Your task:
Every line from the one holding "Beautiful Subdivision Lot" through the one holding "Picture of a cat / kitten / feline" in the data below must be returned exactly, both ends included, with pictures left out and nothing else added.

Input material:
::::
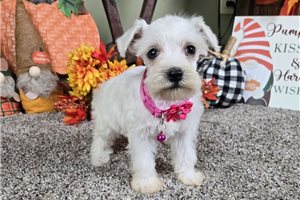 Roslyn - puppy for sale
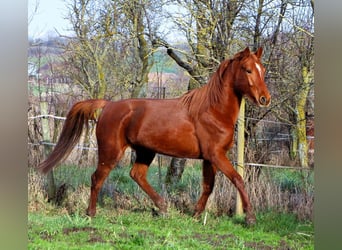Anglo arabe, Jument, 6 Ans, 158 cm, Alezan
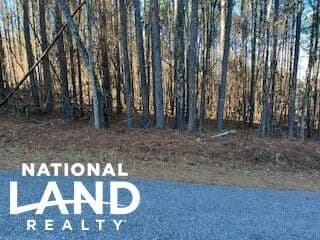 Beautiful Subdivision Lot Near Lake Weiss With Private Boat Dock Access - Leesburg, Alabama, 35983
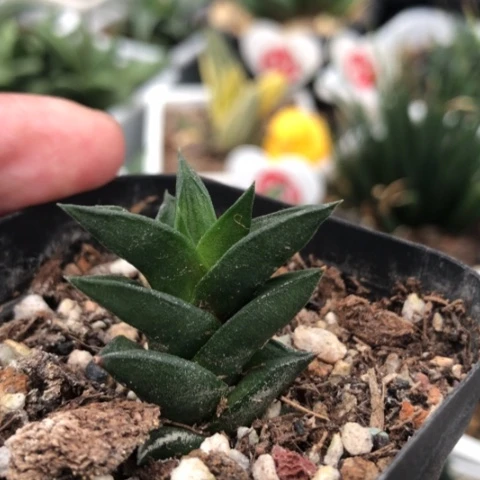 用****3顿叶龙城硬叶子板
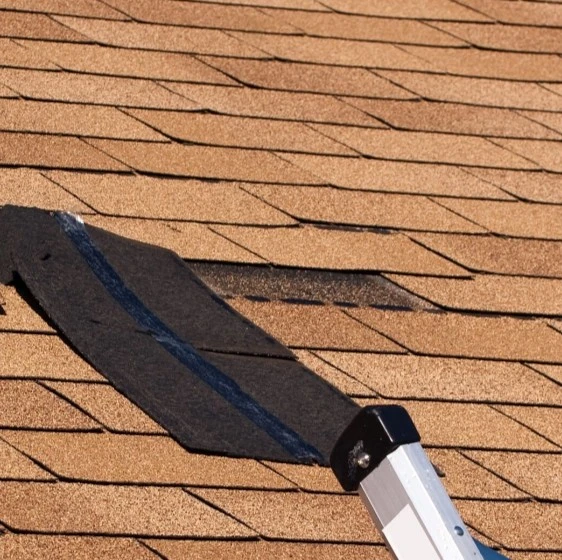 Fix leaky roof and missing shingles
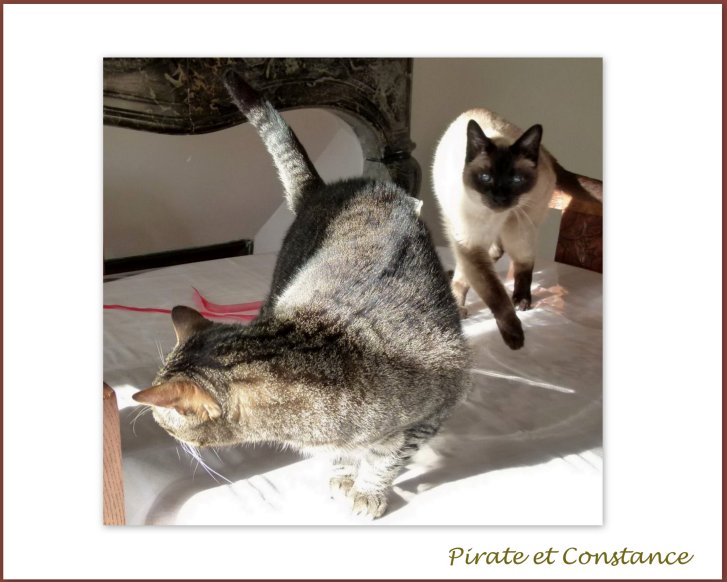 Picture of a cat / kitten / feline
::::
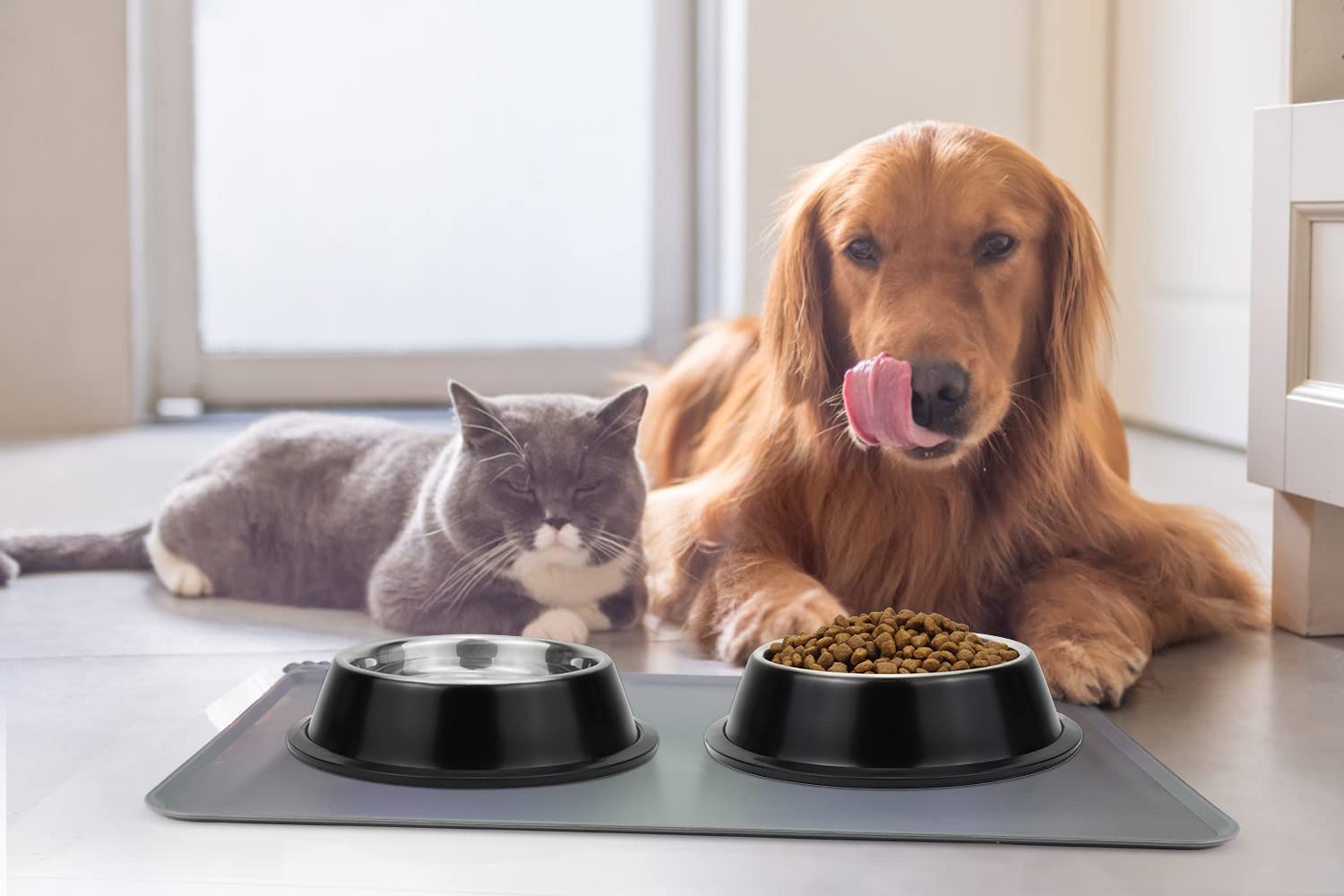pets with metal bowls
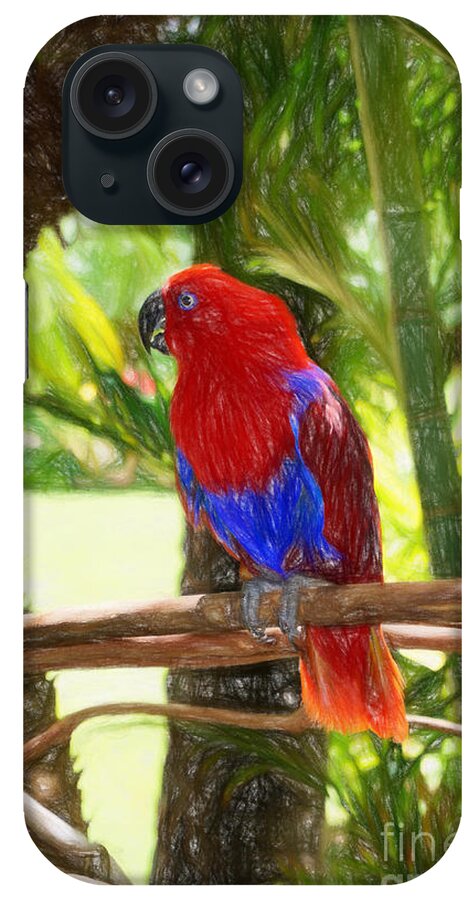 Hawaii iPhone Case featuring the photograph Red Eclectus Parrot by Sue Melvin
::::
Reply:
 Beautiful Subdivision Lot Near Lake Weiss With Private Boat Dock Access - Leesburg, Alabama, 35983
 用****3顿叶龙城硬叶子板
 Fix leaky roof and missing shingles
 Picture of a cat / kitten / feline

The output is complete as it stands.